» TASK DIRECTIONS:
Only those lines in the data below from the line containing "фото №10, Mercedes" through the line containing "image for item", both included, should be restated word for word.

» RECORDS SUPPLIED:

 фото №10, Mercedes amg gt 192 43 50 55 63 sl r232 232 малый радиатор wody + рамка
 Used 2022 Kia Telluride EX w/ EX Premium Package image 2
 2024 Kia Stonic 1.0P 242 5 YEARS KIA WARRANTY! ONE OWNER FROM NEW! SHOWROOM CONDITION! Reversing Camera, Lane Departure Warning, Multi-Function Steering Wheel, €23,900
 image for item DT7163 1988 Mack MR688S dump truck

...

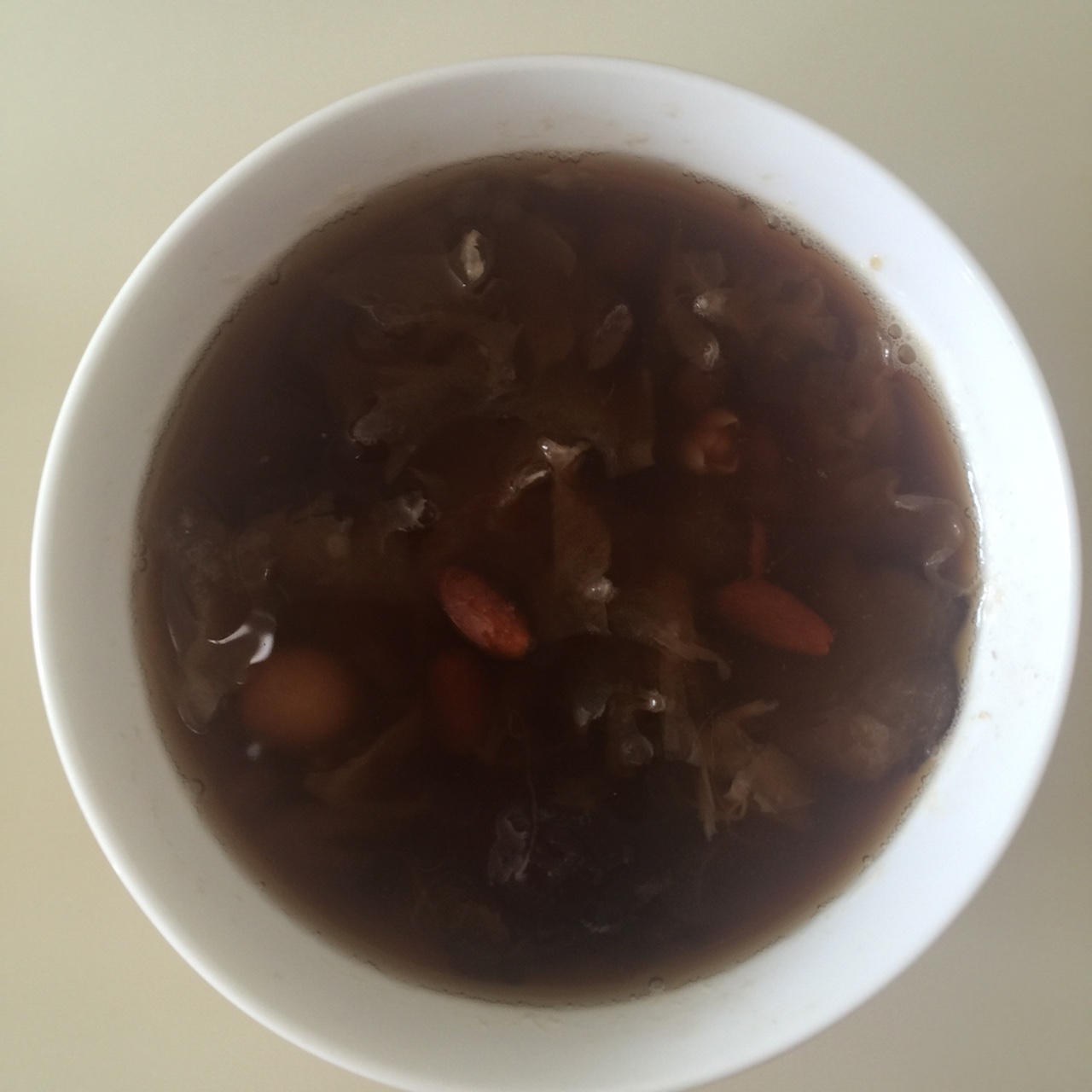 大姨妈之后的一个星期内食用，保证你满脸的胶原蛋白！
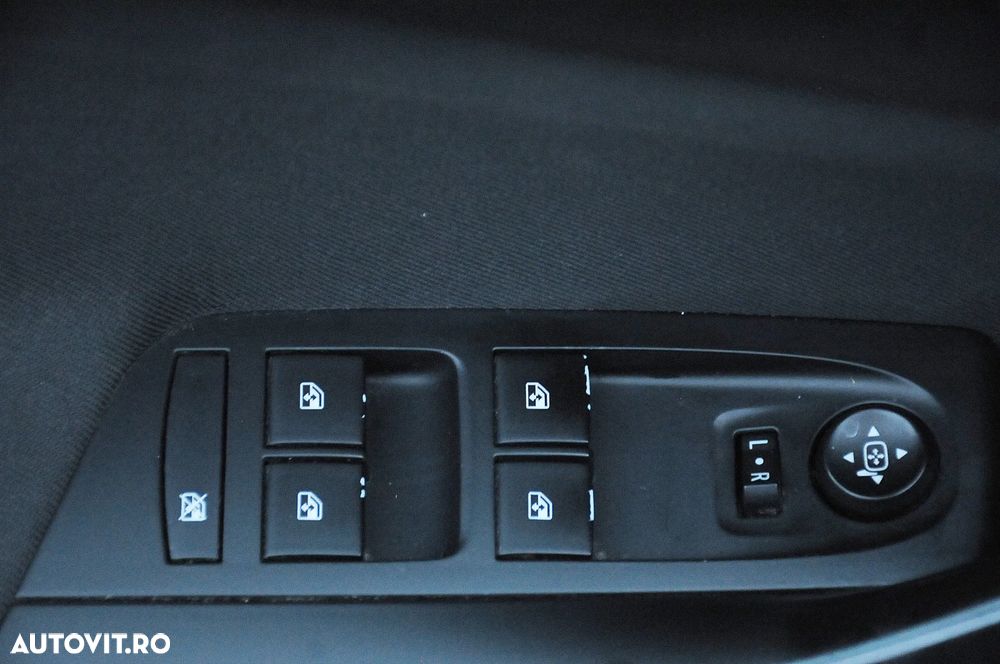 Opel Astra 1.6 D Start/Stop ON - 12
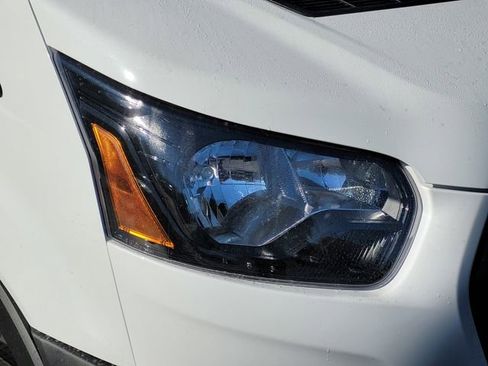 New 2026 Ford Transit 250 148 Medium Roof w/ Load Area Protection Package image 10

---

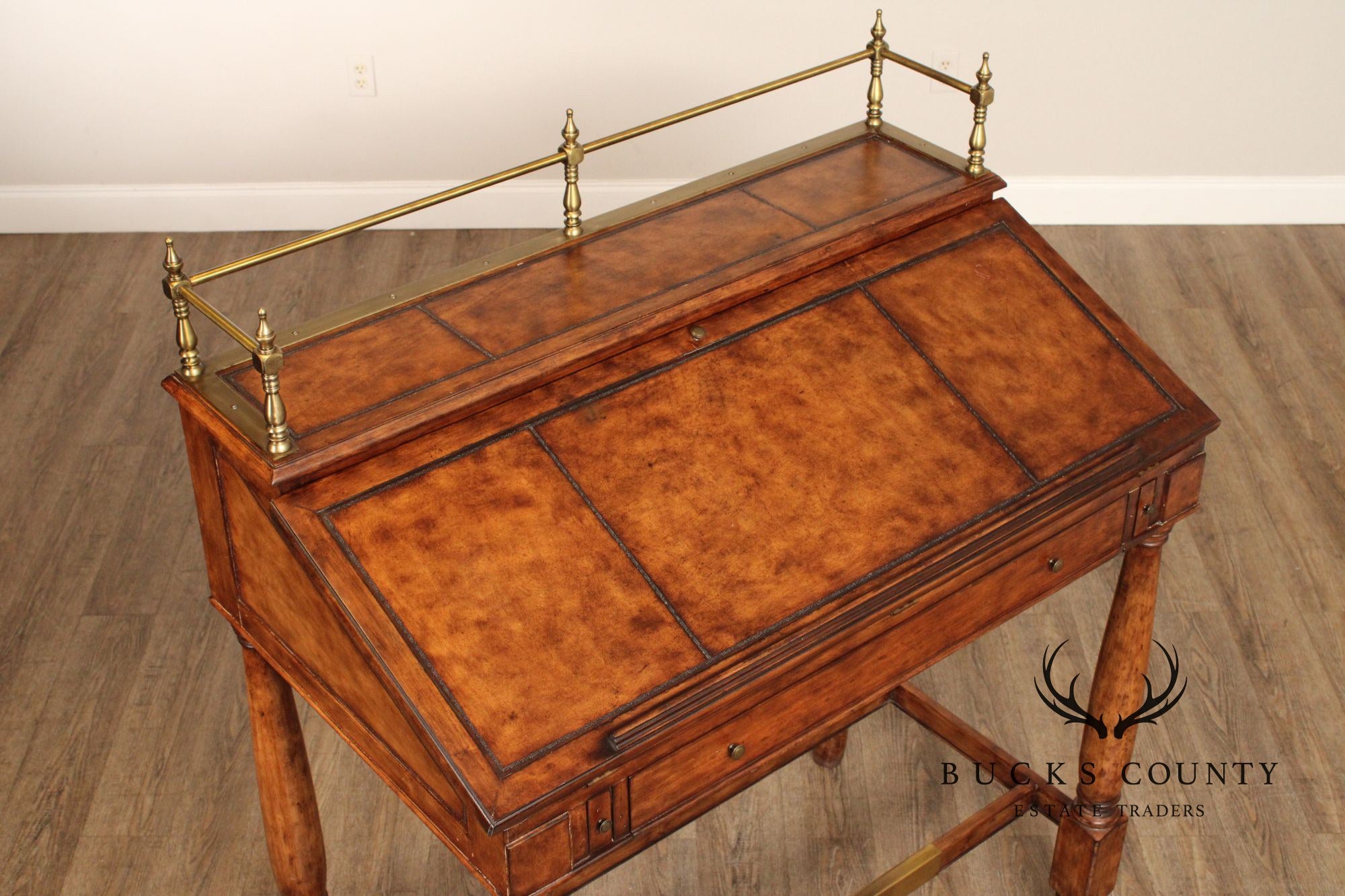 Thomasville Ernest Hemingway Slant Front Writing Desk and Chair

» SOLUTION FOR THIS PROBLEM:
 фото №10, Mercedes amg gt 192 43 50 55 63 sl r232 232 малый радиатор wody + рамка
 Used 2022 Kia Telluride EX w/ EX Premium Package image 2
 2024 Kia Stonic 1.0P 242 5 YEARS KIA WARRANTY! ONE OWNER FROM NEW! SHOWROOM CONDITION! Reversing Camera, Lane Departure Warning, Multi-Function Steering Wheel, €23,900
 image for item DT7163 1988 Mack MR688S dump truck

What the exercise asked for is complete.